The following are examples of OS tools:
- Performance Monitor
The CloudWatch agent can be used on both Linux and Windows to publish these OS-level network metrics to CloudWatch as custom metrics. These metrics can be published at intervals as low as 1 second. Note that high-resolution metrics (those with a period lower than 60 seconds) lead to higher charges. For more information about CloudWatch pricing, see Amazon CloudWatch pricing.
It's a best practice to monitor the network performance metrics provided by ENA. The driver version must be greater than or equal to 2.2.10 (Linux) and 2.2.2 (Windows) for you to be able to view the metrics. For more information, see the relevant pages for Linux and Windows.
CloudWatch Agent can also publish ENA metrics. For instructions on publishing ENA metrics for Linux, see Collect network performance metrics. For Windows, ENA metrics are available in Performance Monitor, and the CloudWatch Agent can be configured to publish any metrics available there.
To avoid microbursts, traffic needs to be paced at the senders, so that it doesn't exceed a maximum throughput or packet rate. This makes microbursts difficult to avoid. Pacing traffic at the senders usually require application-level changes. Depending on how this change is implemented, OS support for traffic pacing might need to be available and turned on at the senders. That might not always be possible, or practical. Microbursting can also happen because of too many connections sending packets in a short period. When this happens, pacing individual senders doesn't help.
Due to these reasons, it's a best practice to monitor ENA metrics. If limits are reached often, or if there's evidence that traffic shaping is impacting your applications, do the following:
- Scale up: Move to a larger instance size. Larger instances generally have higher allowances. Network optimized instances (those with an "n", such as C5n), have higher allowances than their respective non network-optimized counterparts.

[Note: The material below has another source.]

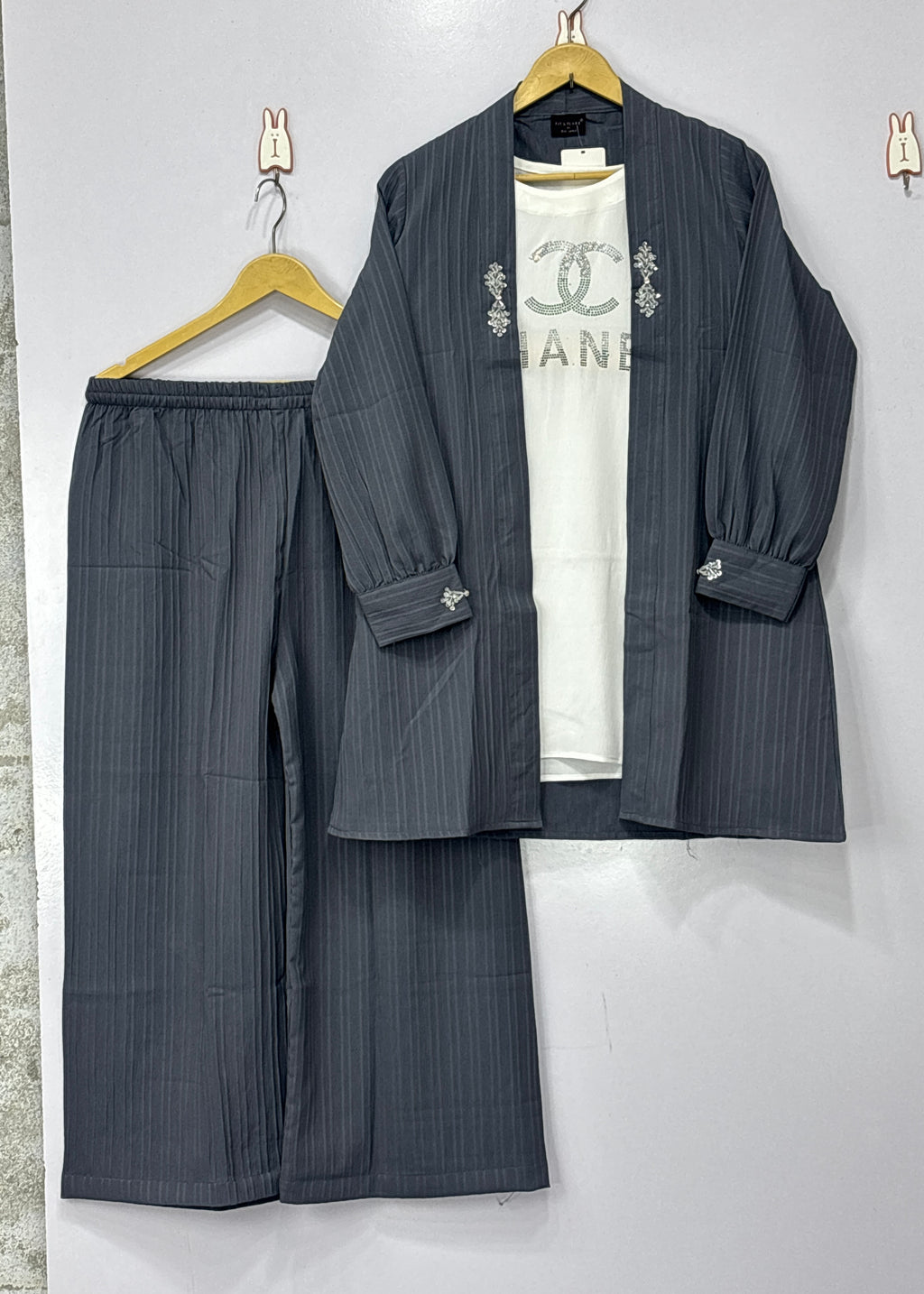 Women court set 💫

- Scale out: Spread traffic across multiple instances to reduce traffic and contention at individual instances.
On Linux, in addition to the preceding options, there are potential mitigation options for advanced users. You can implement these options alone or in combination. It's a best practice to benchmark mitigations in a testing environment to verify that they reduce or eliminate traffic shaping without adversely effecting your workload.
- SO_MAX_PACING_RATE: This socket option can be passed by an application to the setsockopt system call to specify a maximum pacing rate (bytes per second). The Linux kernel then paces traffic from that socket so that it doesn't exceed the limit. This option requires the following:
- Application code-level changes.
- Support from the kernel.
- The use of Fair Queue (FQ) queuing discipline or the kernel's support for pacing at the TCP layer (applicable to TCP only).
- Queuing disciplines (qdiscs): qdiscs are responsible for packet scheduling and optional shaping. Some qdiscs, such as fq, help smooth out traffic bursts from individual flows. For more information, see the Traffic Control (TC) manual page.
- Shallow Transmission (Tx) queues: In some scenarios, shallow Tx queues help reduce PPS shaping. It can be achieved in two ways:
- Byte Queue Limits (BQL): BQL dynamically limits the number of in-flight bytes on Tx queues. BQL is turned on by default on ENA driver versions shipped with the Linux kernel (those ending with a "K"). For ENA driver versions from GitHub (those ending with a "g"), BQL is available as of v2.6.1g, and is turned off by default. You can turn on BQL using the enable_bql ENA module parameter.
- Reduced Tx queue length: Reduce Tx queue length from its default of 1,024 packets to a lower amount (minimum 256). You can change this length using the ethtool.